Алымов, по выходе в отставку, уже несколько лет сидел на этой усадьбе и вел свое небольшое хозяйство аккуратно, почему у него было довольно всего, что только нужно в его положении домовитого холостого помещика и «женишка». А женишок этот, по памятному мне определению моей няньки, был притом человек «довольно будто простенький, но и довольно будто хитренький». Он, например, не подражал большинству помещиков, которые бывали часто очень требовательны к своим людям и за всякую ненсполнительность наказывали их сурово и даже жестоко. Алымов хотел быть «добрым барином»; он хотел «жить так, чтобы в деревне ему своих людей нечего было бояться» и «чтобы люди его хвалили». Но он достиг только одной половины этой программы, то есть он у себя в доме своих людей нимало не боялся, но похвал себе от них не дождался, а люди его говорили о нем, что он «шишъмора».

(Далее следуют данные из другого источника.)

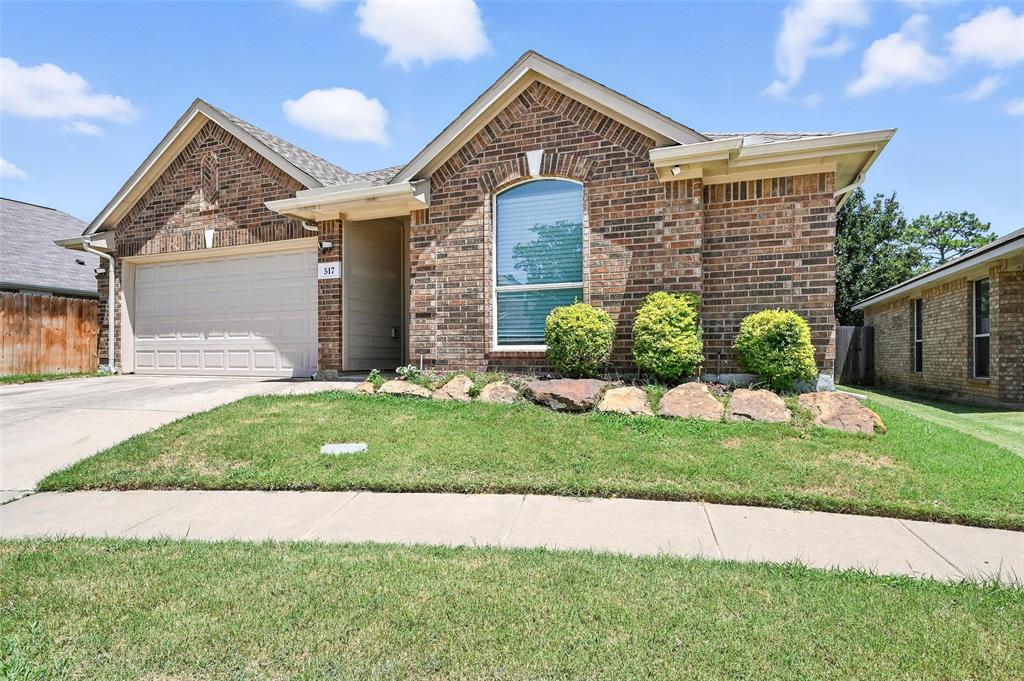 517 Lowery Oaks Trail Property Photo 1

Алымов был очень скуп и из-за скупости будто бы и не женился, а только все сватался и на жениховском положении ездил из одного помещичьего дома в другой, заставляя принимавших его хозяев кормить его, с кучером, казачком Валеткой, тройкою лошадей и легавою собакою, которая называлась «Интендант». Она была замечательна тем, что везде умела отыскивать съестные припасы и везде их очень ловко крала.
У Алымова, так же как и у нас, в этот год не уродилось в полях ничего, и надо было купить ржи, чтобы засеять озимые поля – свои и крестьянские.